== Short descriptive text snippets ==

[Start of section]

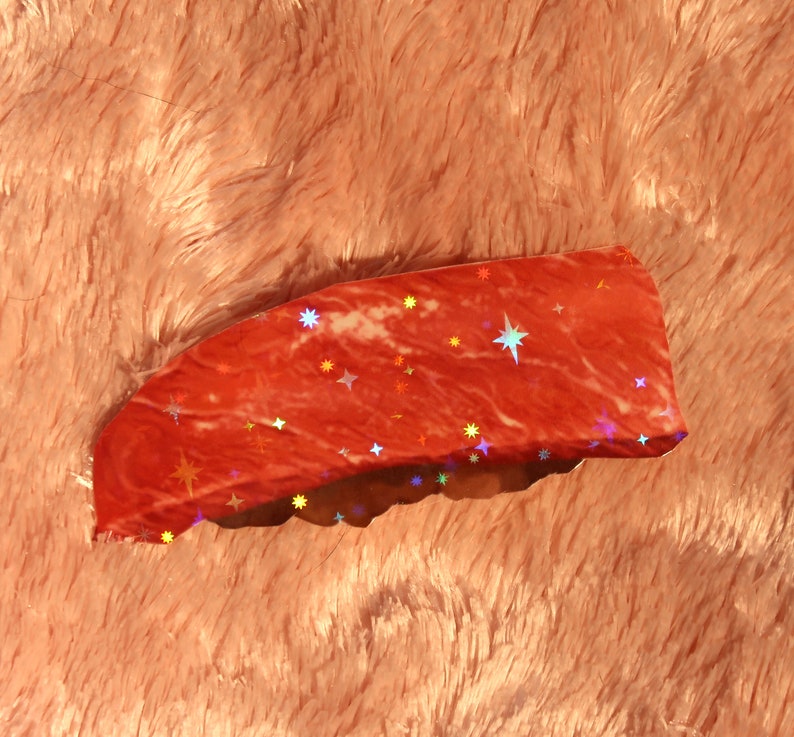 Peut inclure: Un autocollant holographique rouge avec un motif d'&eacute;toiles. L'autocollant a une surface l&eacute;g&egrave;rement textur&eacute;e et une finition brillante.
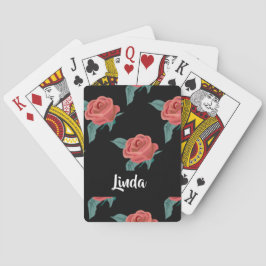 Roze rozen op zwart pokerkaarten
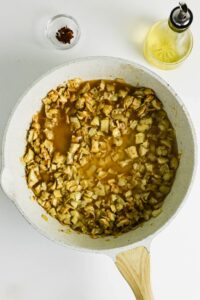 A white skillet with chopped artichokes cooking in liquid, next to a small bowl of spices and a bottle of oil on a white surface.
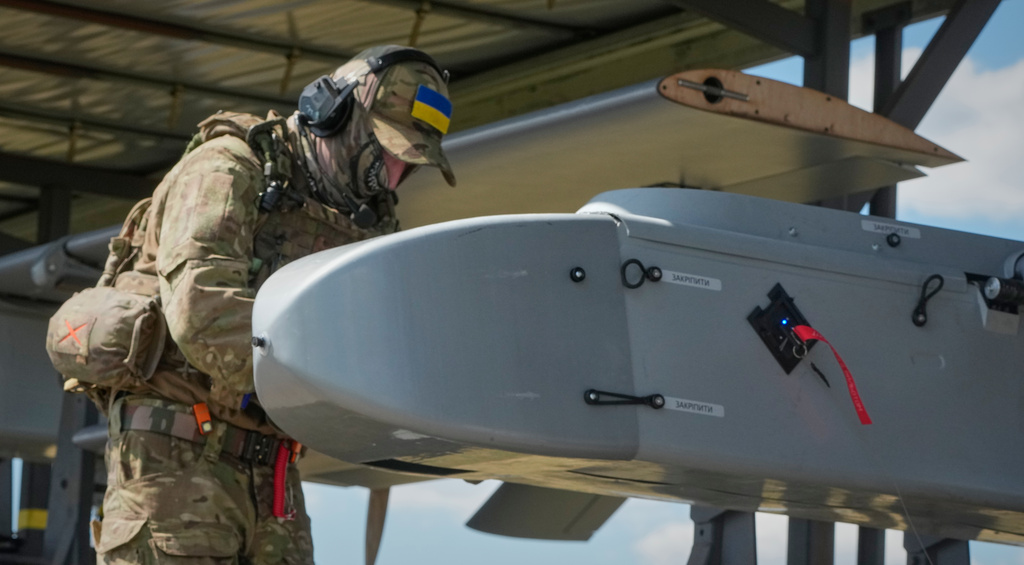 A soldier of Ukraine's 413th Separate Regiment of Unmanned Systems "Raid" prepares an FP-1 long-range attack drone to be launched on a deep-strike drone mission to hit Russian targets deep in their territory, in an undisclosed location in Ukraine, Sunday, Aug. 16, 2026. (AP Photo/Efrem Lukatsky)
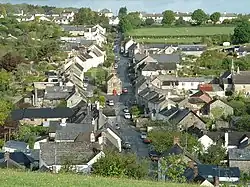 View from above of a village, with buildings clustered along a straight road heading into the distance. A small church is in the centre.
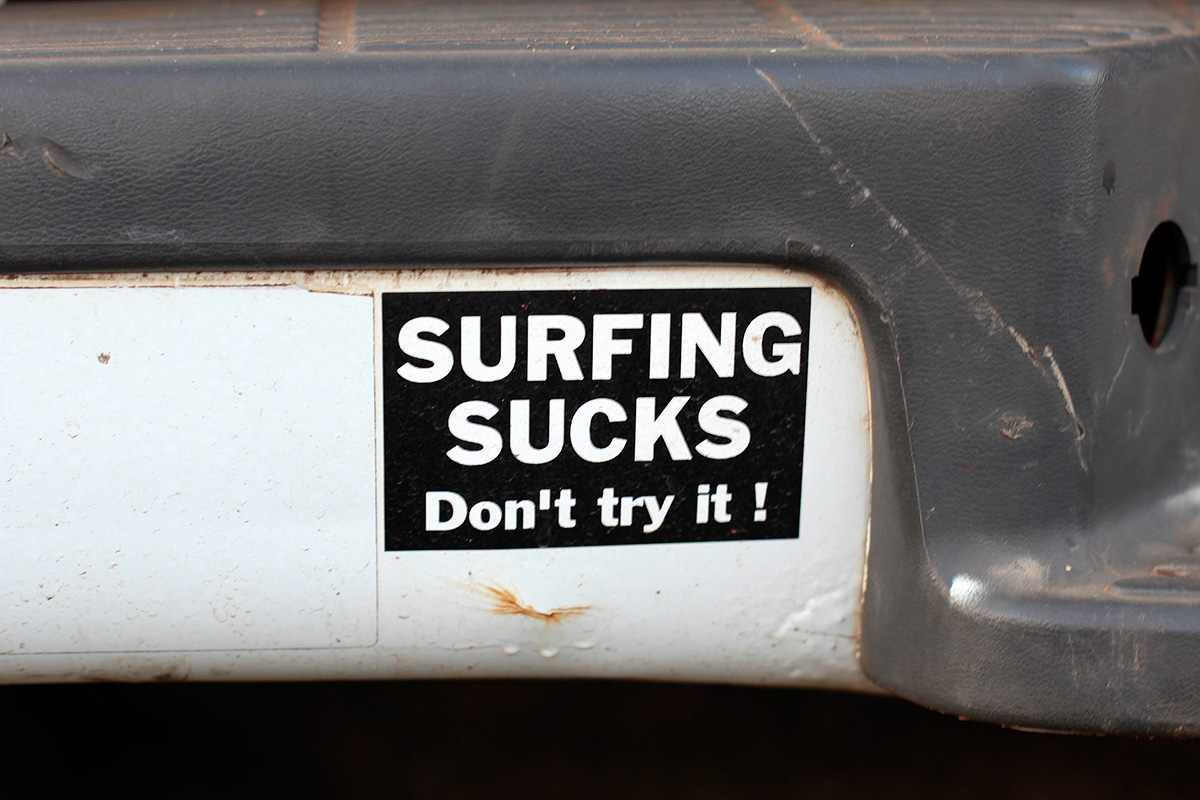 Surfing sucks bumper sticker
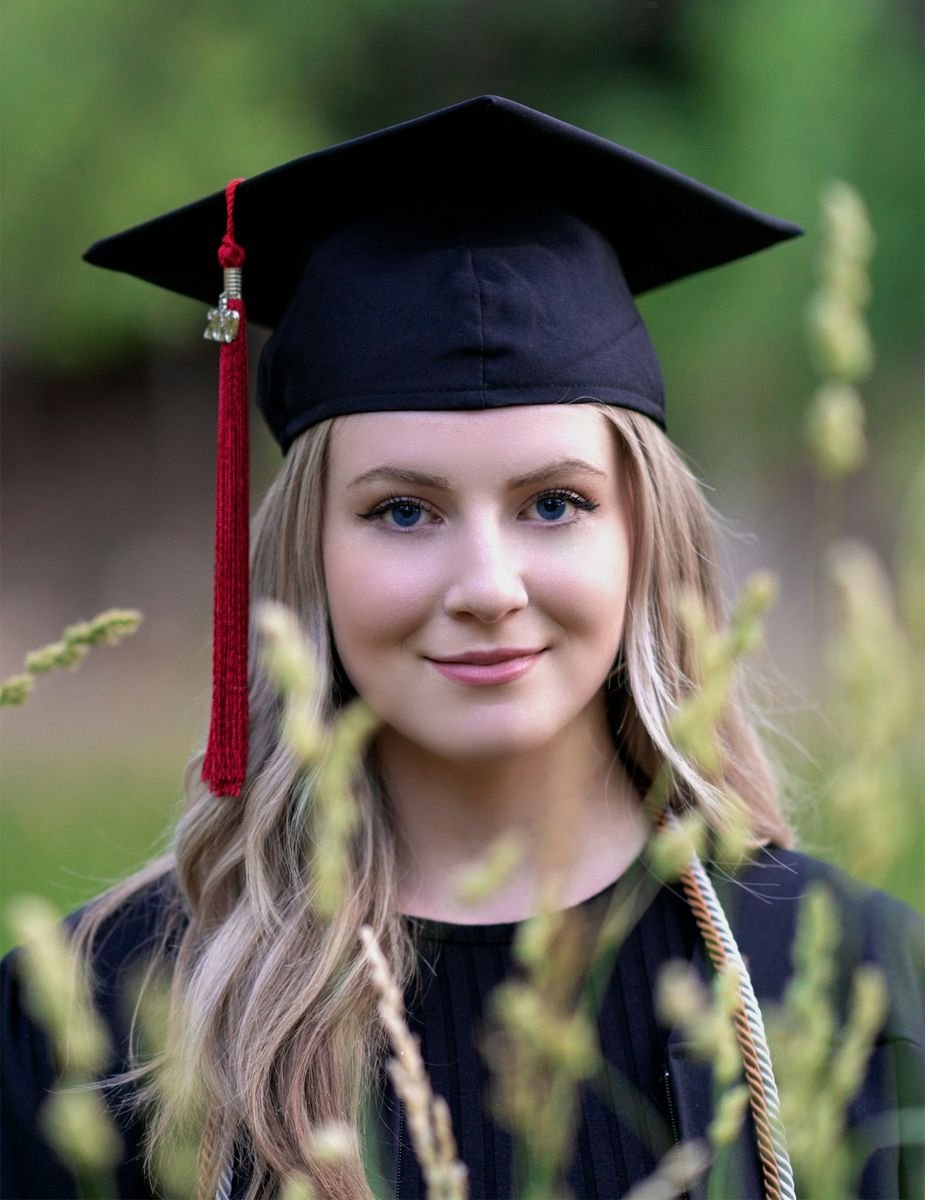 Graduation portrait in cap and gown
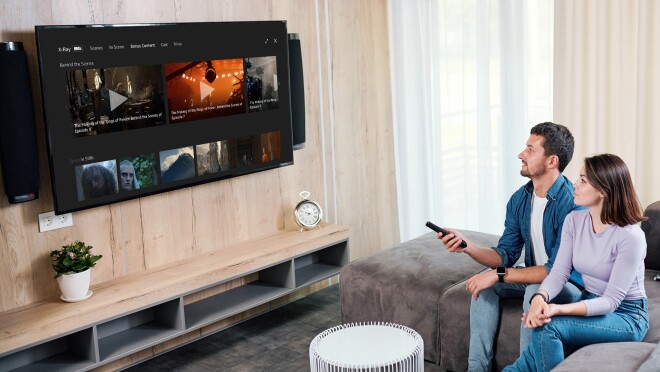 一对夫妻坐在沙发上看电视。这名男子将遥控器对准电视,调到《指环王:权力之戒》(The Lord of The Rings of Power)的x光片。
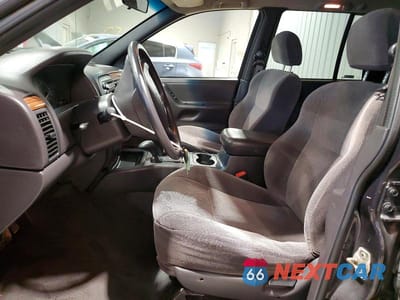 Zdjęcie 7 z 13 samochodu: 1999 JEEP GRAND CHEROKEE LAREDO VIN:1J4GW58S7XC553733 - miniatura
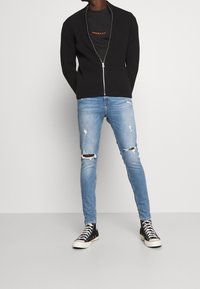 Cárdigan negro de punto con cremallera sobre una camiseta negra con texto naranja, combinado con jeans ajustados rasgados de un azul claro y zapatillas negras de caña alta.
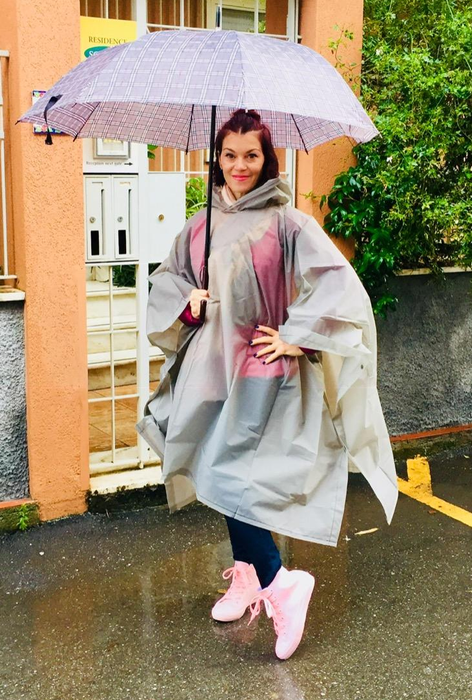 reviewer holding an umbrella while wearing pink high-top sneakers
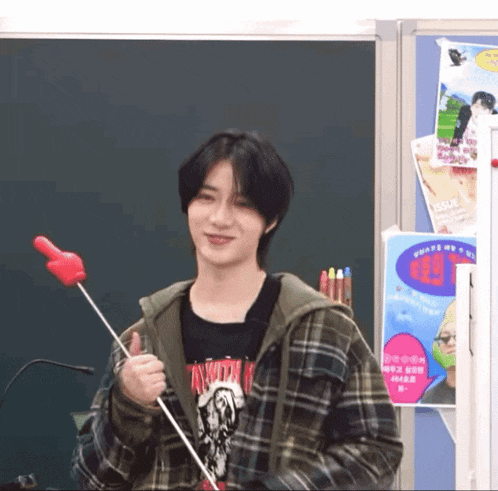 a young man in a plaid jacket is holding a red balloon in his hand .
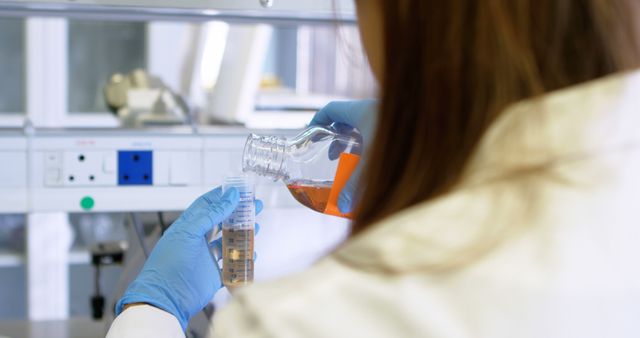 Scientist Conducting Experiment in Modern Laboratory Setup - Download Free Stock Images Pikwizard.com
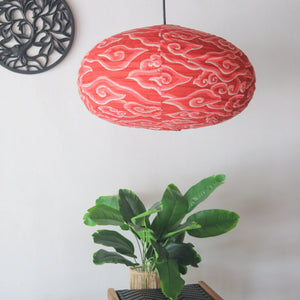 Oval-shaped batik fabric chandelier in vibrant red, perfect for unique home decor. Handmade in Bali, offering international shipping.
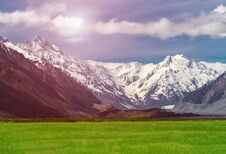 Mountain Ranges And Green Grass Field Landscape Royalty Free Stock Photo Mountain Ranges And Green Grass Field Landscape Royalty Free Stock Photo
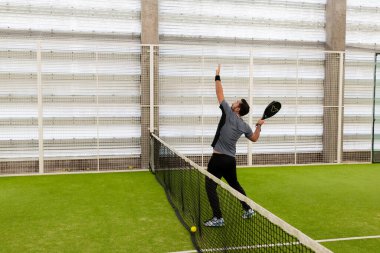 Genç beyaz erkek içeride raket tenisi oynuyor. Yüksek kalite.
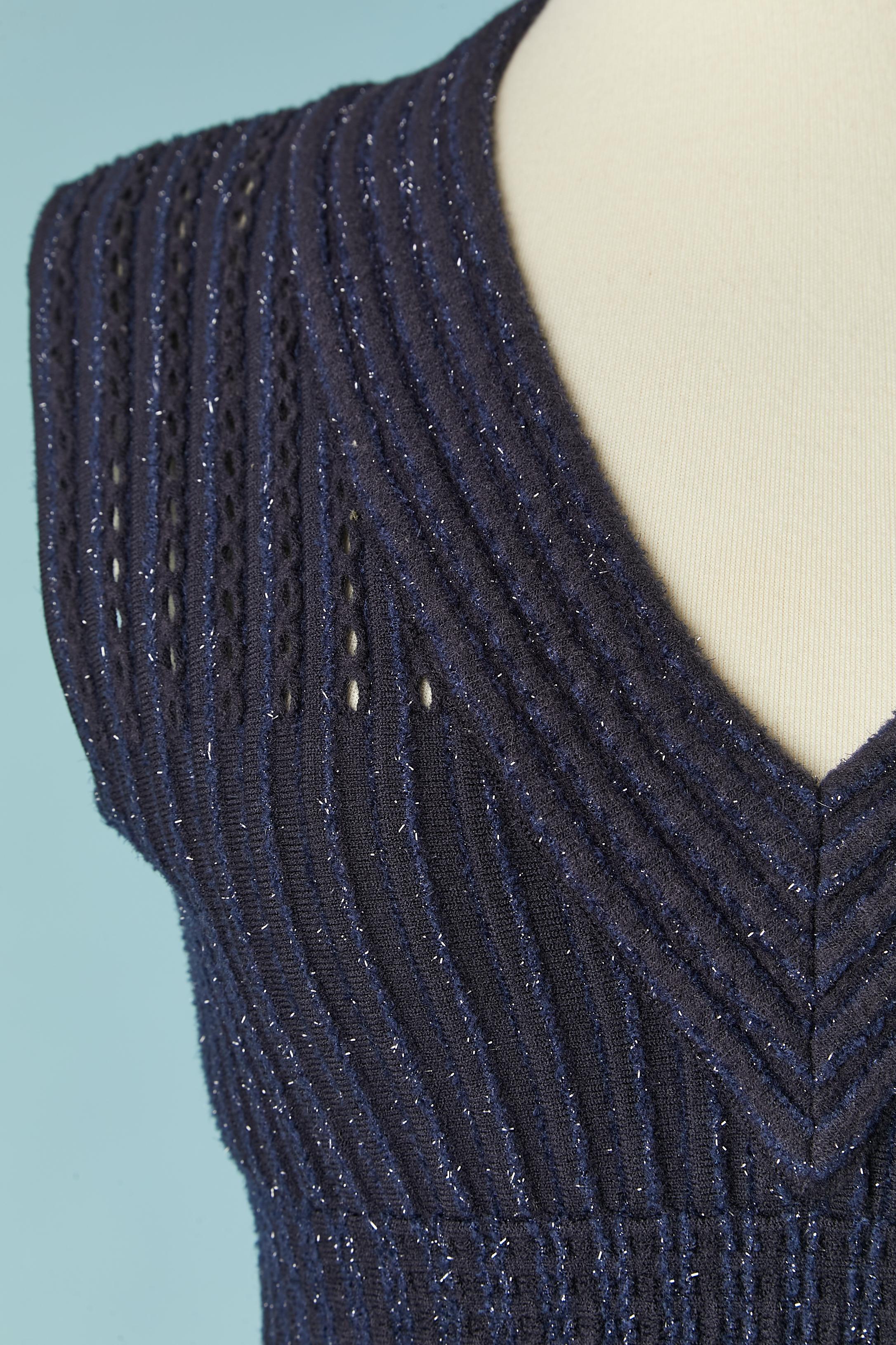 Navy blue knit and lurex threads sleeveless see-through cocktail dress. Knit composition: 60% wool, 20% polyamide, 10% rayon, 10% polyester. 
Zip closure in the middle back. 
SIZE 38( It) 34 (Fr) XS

[End of section]

== TASK PROMPT ==
Beginning with the line that contains "Genç beyaz erkek", write out every line through the last one in the records, exactly and without pictures.

== RESPONSE BELOW ==
 Genç beyaz erkek içeride raket tenisi oynuyor. Yüksek kalite.
 Navy blue knit and lurex threads sleeveless see-through cocktail dress. Knit composition: 60% wool, 20% polyamide, 10% rayon, 10% polyester. 
Zip closure in the middle back. 
SIZE 38( It) 34 (Fr) XS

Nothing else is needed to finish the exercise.